Hi there. In this video we're gonna look at where to get free images from and what royalty free images are. Okay, we'll start with the free images. Okay, so, um, good places to go. The best places is probably this one called Free images.com. Okay?
There are lots of stuff in here. Um, you just need to log in and you can use them commercially, which is quite cool if I need a picture of a rose. Okay? Um, what you need to do is you need to ignore these premium ones over here. This is how I guess this site makes its money, is it shows you some stuff that's half decent and then goes, what about these ones? Okay, so these are the ones that you're gonna end up paying for and there's no problem with that.
But if you're looking for free, um, my big tip for using any of the free sites is obvious. Um, on the site here they say relevancy. Most of them will start with that. You want to go to the one that says most downloaded. I find that will bring the kind of like cream of the crop to the top. Okay?
The ones that'd be most downloaded. You can see they're all varying sizes. Some, some of them are really big and some of them are quite small. Like this one here is quite nice. It's already been cut out on white, okay? And yeah, free images.com.
Now another um, cool site to go to is, this is actually just like a directory for lots of other of the smaller, um, free images. Okay? Now I know this is a big long link, okay? Up the top here. Uh, but if you Google, I'll leave a link, um, in the description somewhere. Okay?
But if you just Google Spotify 22 awesome websites for stunning free stock images, you'll end up here. And what's really cool about it is they're quite niche. Like some of the sites only have like, they'll, they'll put up one free image a day, but some of them are really beautiful, like I've been looking at this guy's hair, uh, Greta Graphy, okay? This guy, he's a photographer, Ryan, okay, McGuire. He, he does some real cool stuff and he allows 'em to be used commercially. Well done, Ryan.

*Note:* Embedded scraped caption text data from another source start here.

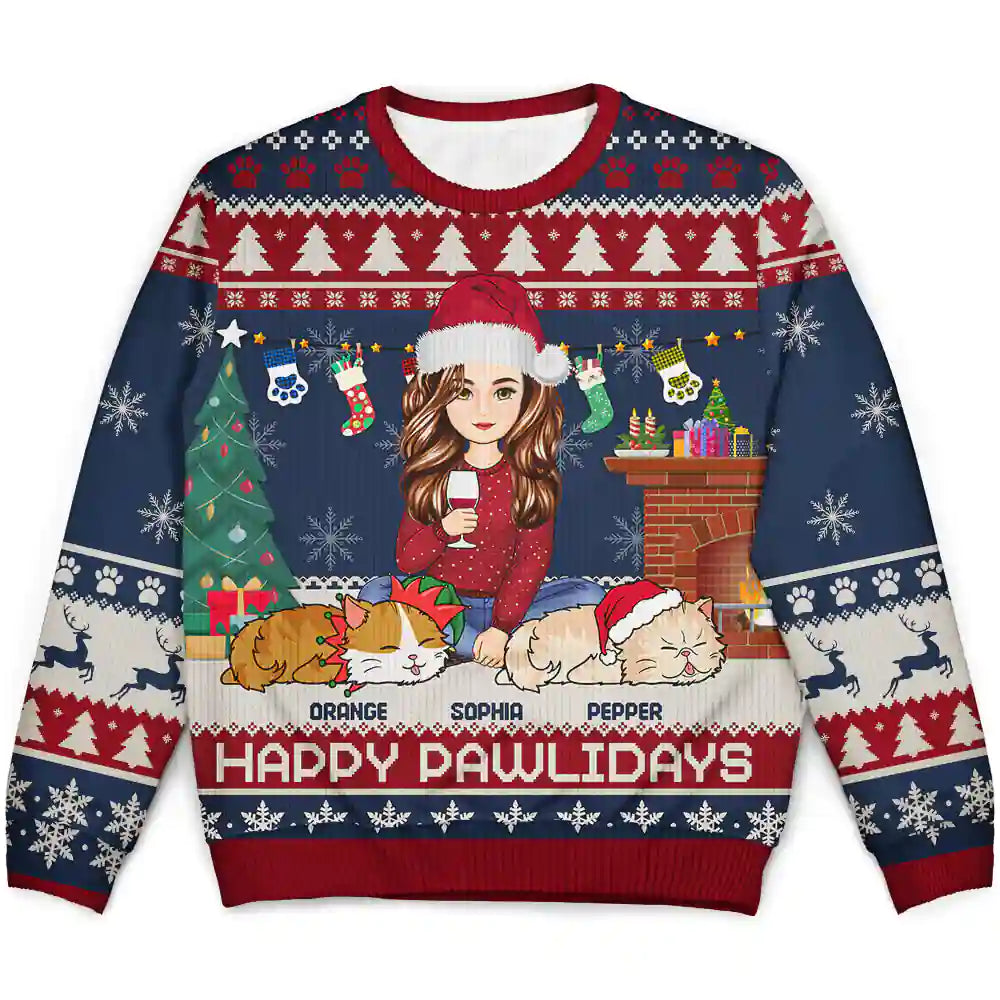 Happy Pawlidays Lying Cat - Personalized Unisex Ugly Sweater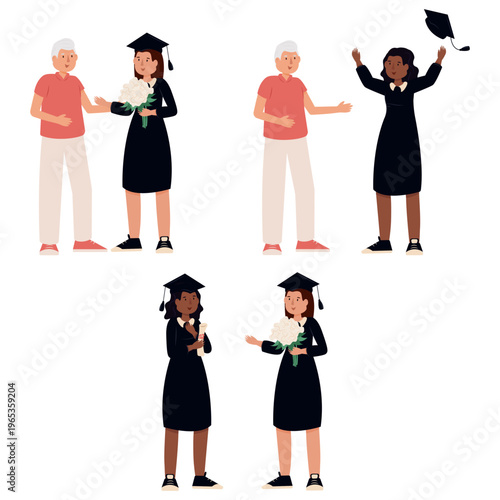 Hugs, graduation, and receiving a diploma. College, student, and graduation ceremony, event, and receiving a degree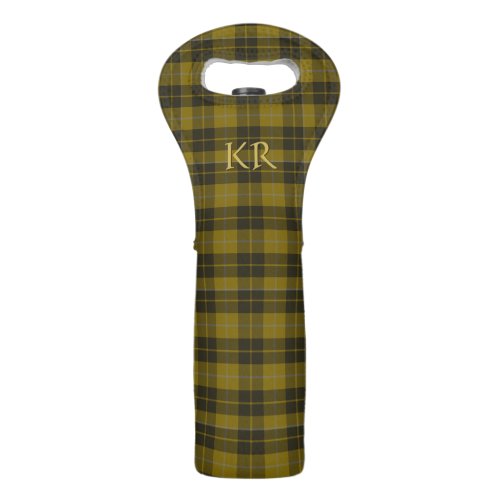 Barclay Tartan with your initials Scottish Plaid Wine Bag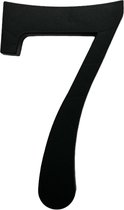 Huisnummer Zwart Nummer 7 - Groot 17,5 cm XL - Mat Zwart - Kunststof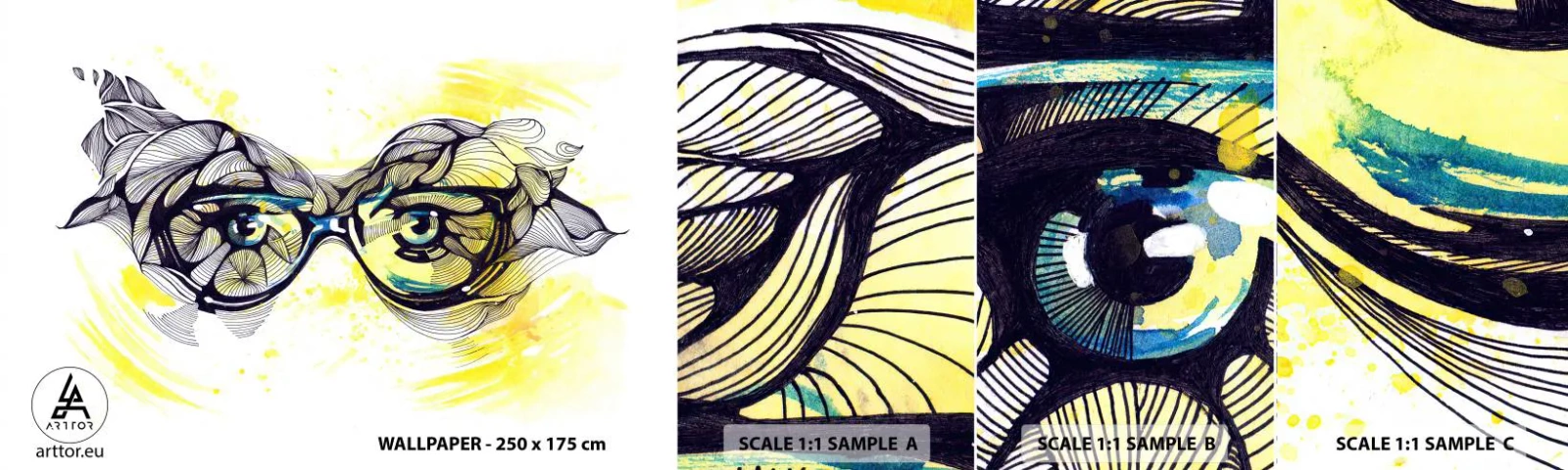 Mostră tapet autocolant Deluxe Sticker - Prin ochelari albaștri - Abstracția, Ochelari de damă, Ochi Femei - 100x30 cm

Okay? And, um, yeah, you can go through, there's more kind of commercial stuff in here, um, with models, whereas say free images.com often is just kind of like real kind of standardized stock library. So have a look through that list, okay? And there's lots of different stuff in here, but free images is the main place in terms of the, uh, royalty free. Okay? Royalty free doesn't mean free, it just means that you pay for it once and you get to use it over and over and they'll range between $20 and $40 us to buy and then you get to reuse them.
And the three main players, okay? iStock, Shutterstock, and this one here called Adobe Stock, and they all have a very similar sort of library doing a similar sort of thing. I'm using Adobe Stock mainly lately because it ties in so well with the creative cloud and that's, its probably as biggest perk over the others. They all have slightly kind of different awesome interfaces. And so use the one you like the most. I'm using Adobe stocks to say for our site, right?
I want to put in some designy images, okay? So I just typed in designer, actually let's put in graphic designer and see what comes up. Okay? And very similar. So what I'm gonna do is I'm gonna grab inspirational looking designy things. And what I'm gonna do is remember earlier on in this tutorial I've made this library called, or is it the illustrator?
Do I know Dan's portfolio is what I called it? Okay. So I've saved a preview to Dan's portfolio. So if I jump into Illustrator right now, all right, I forgot to open Illustrator And I hit this little update button. There we is there, okay? And the nice thing about it is that I haven't paid for it yet, okay?
You can see it's got the watermark, but it's a nice big copy and I can start presenting this to my client and say, these are the images, this is what I'm thinking about. And give them a kind of a cost for those images as well. And what's really nice is if I start designing this, okay, and I start adjusting it and cropping it and changing the colors, what I can do is in here, I can right click it and just say license image. Okay? And if I've got, you know, if I've got say a subscription to Adobe Stock, um, I think you get 10 images a month for something like 20 US something around that. Um, it will just license it and update this thing.
I don't have to kind of relink it or reimport it or any of that sort of jazz. So it's pretty cool. So what I'm gonna do is for this is I'm gonna go through and grab some designer images. I'm gonna type in ux, my favorite word, okay? And I'm gonna say yes, I want that one to be part of it. And you can see there's a buy one, but there's also just a save preview.
So I'm gonna save that preview. I'm gonna save that preview, okay? I'm gonna save that one. I'll save you and I'll save you. I'm pretending this is like my portfolio. I've totally not made these things, okay?
I'm just downloading them. Um, and you'll see in here, hopefully we should get a bunch of our little images that we can start working with. Awesome. All right. So whether you are using Adobe stock, there'll be a link on the screen here to go to Adobe Stock. If you've never used it before and wanna sign up, use my little link.
Why? Because I get a cut from Adobe. It doesn't cost you anything else. Um, but they give me a bit of, uh, a bit of a cut of your subscription. It's win-win. Yeah, win for me mainly, but, um, yeah, try Adobe Stock or I stock is really good and Shutter Stock is another one.
Maybe go and compare those ones and see which one you want to use. All right, so free images, go to free images.com. And if you want to get royalty free ones that you can buy and use over and over again for lots of different projects, go to stock.adobe.com.